Yes, those were Seiss Super DeLuxe Autocycle lights there with the brackets and the longer "AS" bolts to boot! One of the lenses was missing the other was cracked, but otherwise all there in ok overall condition. I also found other parts to this bike in other lots including the Autocycle tank door everybody saw, but there was also a Schwinn / Stewart Warner speedo there with the green lensed side window for the light that was in very poor condition. 
It was great to get there and spend a number of hours looking at his collection.
I agree the prices were way above market value, but he with the deepest pockets wins. ( sometimes ) 
Here are some pictures. 

Greg M.


----------



## Rear Facing Drop Out (Nov 8, 2011)

*Too high?*

I dont know. The prices did not seem too high to me. FOr instance the Autocycle door lot... Sell the NOS Delta 20-30's light and battery tube for say $250 and th efew odd other parts for say a hundred the buyer gets the door for inside of $400 with original lense, seems fair.... If alot of the lots were broken down I think the goodies were bought for a fair price.


----------



## militarymonark (Nov 8, 2011)

that flying merkel went for 201k insane but most likely worth close to that.

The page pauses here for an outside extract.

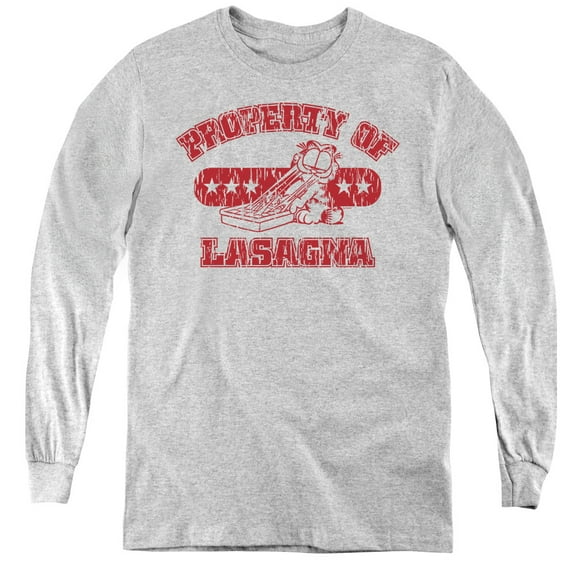 Garfield - Property Of Lasagna - Youth Long Sleeve Shirt - Small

Not many of them come up for sale


----------



## twowheelfan (Nov 8, 2011)

*the merkel looks like the biggest ticket item.*

i kind of thought that the BMW veritas or the edwards roadster was gonna top out the auction. that edwards roadster is documented as the first pebble beach show winner.


----------



## oldandtired (Nov 10, 2011)

*hartung auction*

I considered our time at the Hartung auction as money and time well spent.  Entertaining, educational and certainly alot of fun.  Some items went crazy...some were a bargain.  But really, where do you find the stuff anymore?  Pretty hard to find a collection that size in one spot!  it would take many years!  just wish i could find a merkel


----------



## Colton1936 (Nov 13, 2011)

Somebody that bought 5 cars at the auction just put them all on ebay, all of them going for over $1,000 what he paid.


----------



## Larmo63 (Nov 13, 2011)

I own that very speedo in lot #6311 you described, and it is sitting on my workbench right now. 

I'm going to have it restored......


----------